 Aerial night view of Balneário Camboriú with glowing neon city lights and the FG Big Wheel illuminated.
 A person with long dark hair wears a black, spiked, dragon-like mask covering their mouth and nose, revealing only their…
◆ ◆ ◆
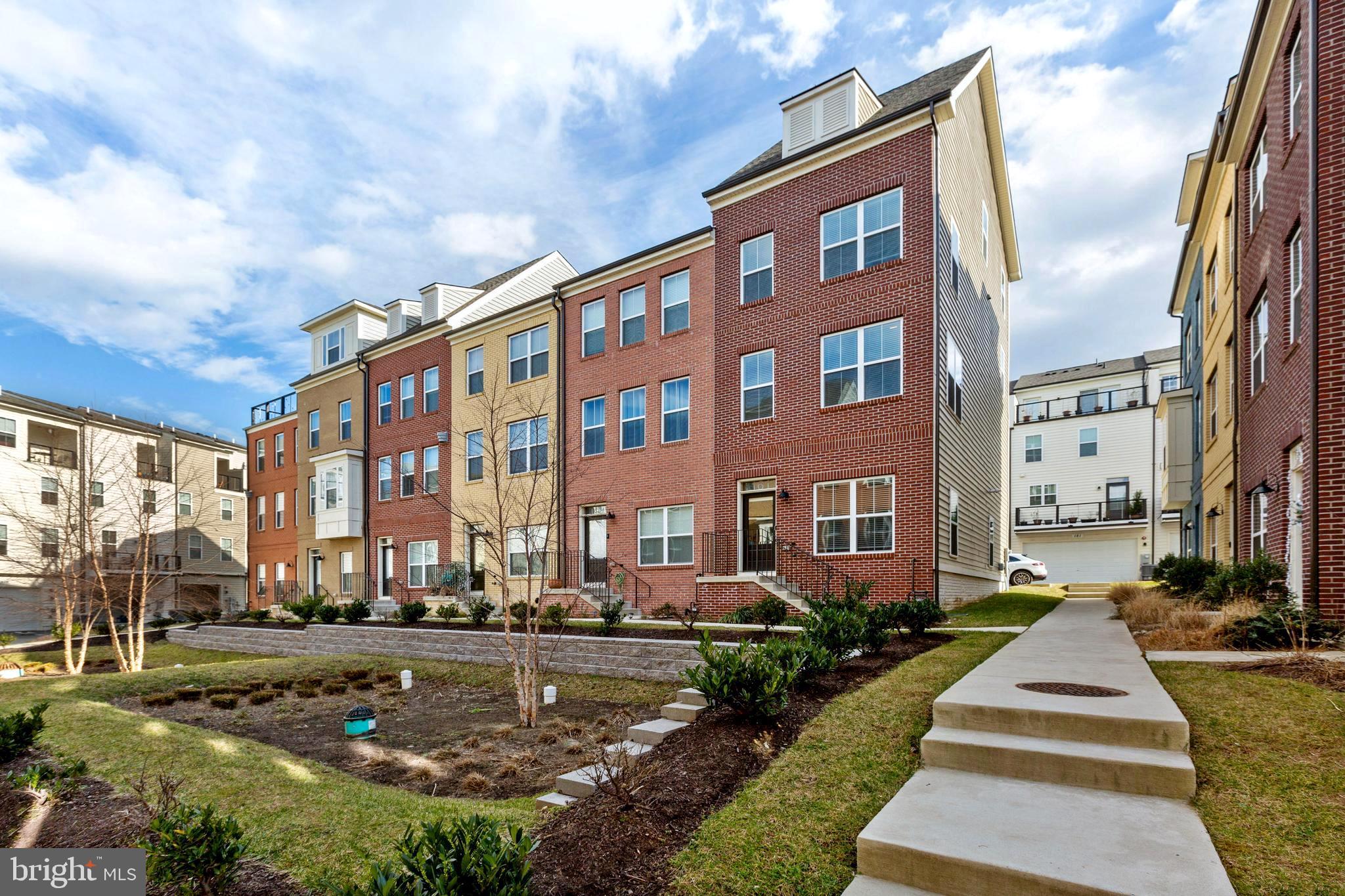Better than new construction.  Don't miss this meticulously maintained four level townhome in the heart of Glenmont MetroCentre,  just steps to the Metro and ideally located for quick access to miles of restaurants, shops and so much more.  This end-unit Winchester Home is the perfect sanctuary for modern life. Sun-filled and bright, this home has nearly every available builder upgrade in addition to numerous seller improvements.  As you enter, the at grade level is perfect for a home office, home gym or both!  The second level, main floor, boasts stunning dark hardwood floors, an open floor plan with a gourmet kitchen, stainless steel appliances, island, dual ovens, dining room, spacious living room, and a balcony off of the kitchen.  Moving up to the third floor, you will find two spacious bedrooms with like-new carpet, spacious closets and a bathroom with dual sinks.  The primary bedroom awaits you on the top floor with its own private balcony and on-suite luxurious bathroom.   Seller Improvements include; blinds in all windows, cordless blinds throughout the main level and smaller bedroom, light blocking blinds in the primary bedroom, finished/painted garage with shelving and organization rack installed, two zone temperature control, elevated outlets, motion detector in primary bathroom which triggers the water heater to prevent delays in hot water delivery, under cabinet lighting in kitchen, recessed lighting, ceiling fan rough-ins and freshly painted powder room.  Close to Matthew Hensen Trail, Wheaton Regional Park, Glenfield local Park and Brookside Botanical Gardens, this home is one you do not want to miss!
◆ ◆ ◆
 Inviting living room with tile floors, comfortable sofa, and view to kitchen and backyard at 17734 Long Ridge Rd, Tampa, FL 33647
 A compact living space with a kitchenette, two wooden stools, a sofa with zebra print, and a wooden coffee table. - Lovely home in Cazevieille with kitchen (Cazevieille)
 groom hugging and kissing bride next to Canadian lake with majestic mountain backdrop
◆ ◆ ◆
• **Exercise objective**
Among the records above, repeat exactly the line with "Aerial night view", the line with "A person with", and every line in between, and only those.

• **Exercise response**
 Aerial night view of Balneário Camboriú with glowing neon city lights and the FG Big Wheel illuminated.
 A person with long dark hair wears a black, spiked, dragon-like mask covering their mouth and nose, revealing only their…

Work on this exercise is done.